Without any pictures, print the lines below from the one that has "23 february, vector" through the one that has "Кружка керамическая Дорого", exactly and nothing else.

> _MATERIAL FOR THE TASK_
____________
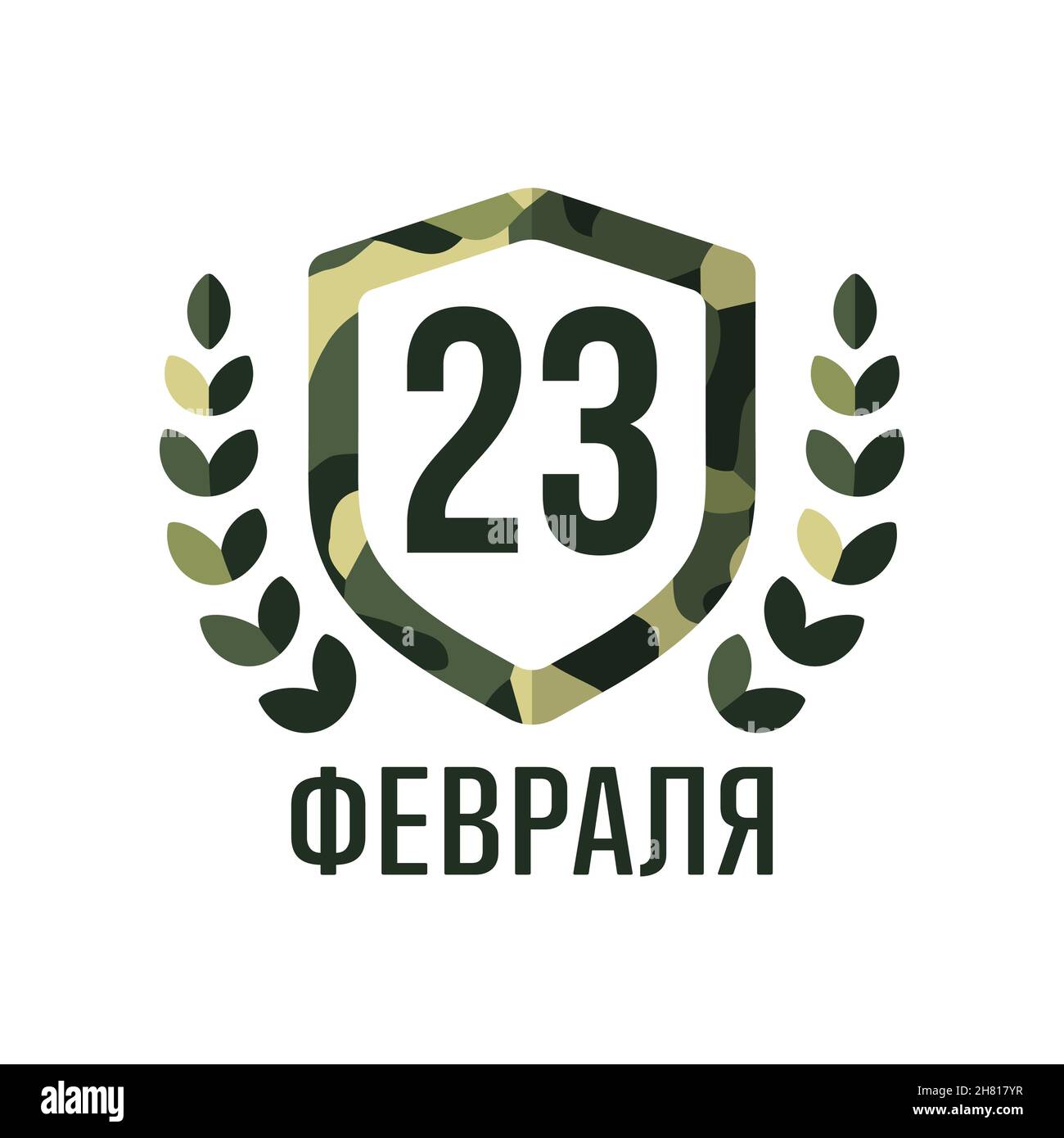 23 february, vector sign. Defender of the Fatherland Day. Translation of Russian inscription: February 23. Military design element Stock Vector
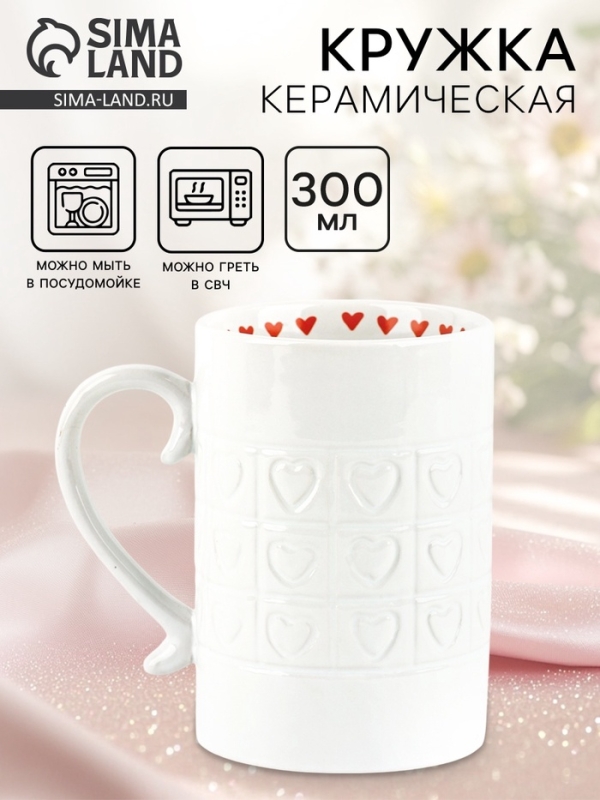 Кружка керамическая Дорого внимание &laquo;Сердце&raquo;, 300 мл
____________
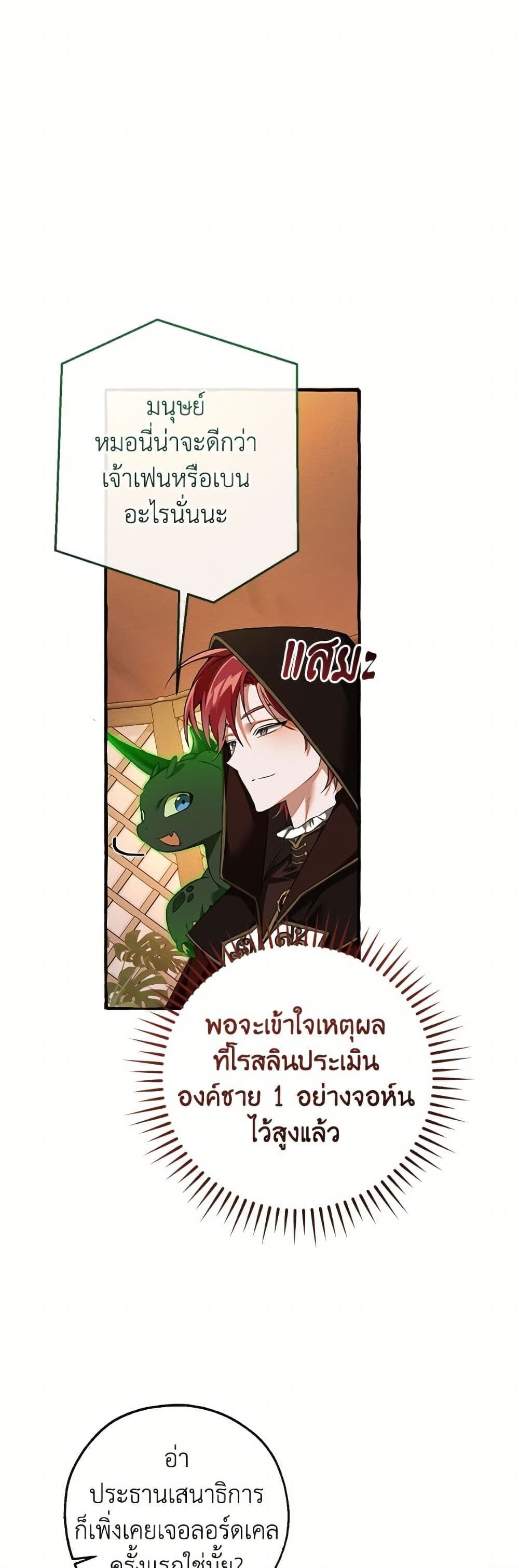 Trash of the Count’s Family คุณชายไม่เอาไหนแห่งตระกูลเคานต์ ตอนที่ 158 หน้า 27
____________
> _ANSWER BOX_
 23 february, vector sign. Defender of the Fatherland Day. Translation of Russian inscription: February 23. Military design element Stock Vector
 Кружка керамическая Дорого внимание &laquo;Сердце&raquo;, 300 мл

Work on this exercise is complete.